After about four months of flailing trying to "get it to work" by watching my teacher took a look at my playing a bum ditty and said "let's fix some bad habits"

let's set a reference frame of the neck with the strings forming a parallel plane over the frets.   Assuming that most banjos have this plane parallel to the head of the banjo we have to decide how a brand new never played any instrument before player should angle the instrument.  
 

The first axis we consider is the angle the plane should make to the ground.  We can range that from below parallel to straight up and there could be players that do strange things with the angle beyond a 90 degree incidence but again to a beginner it's unlikely this is the optimum introductory teaching reference frame.   So let's say the easiest to teach is 45 degrees from the normal of parallel to the floor.  Then we could show in the banjo drawing that the resting pot can sit with or without a strap to angle the neck at 45 degrees.

 

the next angle we could consider is the plane of the fretboard and strings.   If we measured 1000 people and took a look at the average angel of the fretboard to the floor depending on the best way for a hand to reach the strings with the wrist in a "normal"'position to allow one to make hammer ons or basic chords easy, that angle to the floor might tilt anywhere from 250 to 275 degrees (assuming the floor is reference and we are going clockwise with a right handed banjo).  
 

so now we have two drawings showing the easiest way for a new player to hold the instrument.

 

i spent three months bashing the strings missing everything in the middle strings before watching an 8 minute video by Tom Collins that described the angle of incidence of the hand progression at specifically 90 degrees to the strings suddenly had the hitting of the strings perfectly every time.  Although I might have eventually learned it, that breakdown with video inside and along the strings taught me more than any videos of watching people play ever did.   the movement was broken down.

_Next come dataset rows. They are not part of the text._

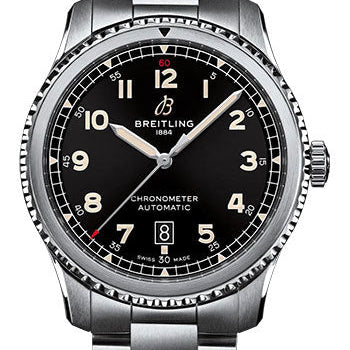 Breitling Aviator 8 Automatic 41 Watch - Stainless Steel - Black Dial - Metal Bracelet - A17315101B1A1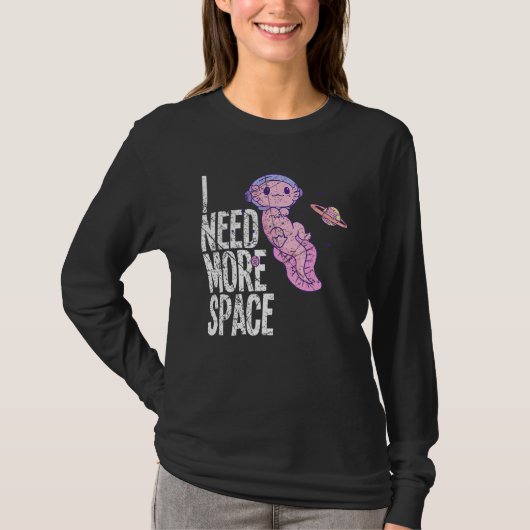 Space Galaxy Flying Axolotl Spacesuit Salamander S T-shirt (Voorkant)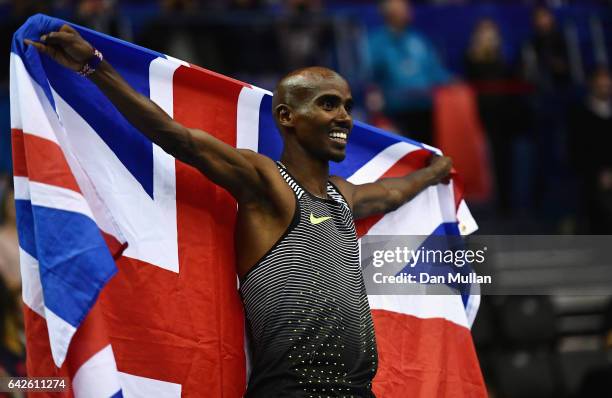 Sir Mo Farah of Great Britain celebrates winning the Mens 5000 metres final during the Muller Indoor Grand Prix 2017 at Barclaycard Arena on...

so imagine we sketch that angle moving across the strings as the plane that. The middle or index finger travels in.  We already have many drawings and examples of how to hold the hand but then imagine we have shown the exact angle that the metacarpals of the finger should take as the nail pulls up, moves back then the wrist is used to percussively strike that down and then retract while the exact width of the thumb pad is shown landing into the fifth string and the rough timing of that.

 

and all of this is in a book that one can pick up without being concerned about a song.

 

similar to the mechanics of scales on piano or starting strength on weightlifting or learning to cast before fishing.   
 

That's what I was looking for in the how to.   Clawhammer banjo mechanics with diagrams, physics and specific movement broken down.

 

there are benefits to those people who have learned everything by trying out but going back to my akateboard example on other replies here, Tony Hawk first landed a 900 in an awe inspiring x games finish after years of trying and failing.   An X games 8years later showed an 11 year old landing a 900 then 1080 in succession on the mega ramp and that kids coach said that they had analyzed the movement frame by frame and broke it down into steps on trampolines and in foam pits.  I believe there is always a best way to teach a movement and that's what I was looking for in drop thumb angle and timing.